He’s been worse than normal with Orion Disruptor. He’s had a narrow focus since joining the PPDC, and ever since he started working overtly under Higgins’ nose, that’s been amplified by 100. Simply put, he doesn’t have the luxury to overlook the details. If something goes wrong, then it’s all on him.

The stakes are just too high. With Higgins, with his career at the PPDC. With Orion Disruptor. With Rick and Billy’s lives.

For the whole planet.

Michael’s planned for this. He’s risked everything, spent all his energy, sacrificed any hope for friendships or a love life.

So when the blip shows up on radar, he has just a second of concern. Just a moment of loss. Because plans are one thing.

Actions are another.

It’s time to find out if all this is worth it.

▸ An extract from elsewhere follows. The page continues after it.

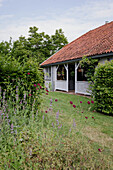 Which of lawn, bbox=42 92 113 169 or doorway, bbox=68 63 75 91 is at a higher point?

He presses his comm button. “Marshal Higgins,” he says. “You better get down here. We just picked up a Kaiju coming up from the breach.”


It’s no surprise that Casey is the first to arrive. He has an uncanny sense about these things, and he manages to appear the minute Michael ends his call.

“You think this is it?” he asks, rounding on the counsel to get a better look.

“Kaiju turned this way,” Michael says. “Projections indicate landfall somewhere in the western seaboard. It could veer off toward Mexico, I guess.”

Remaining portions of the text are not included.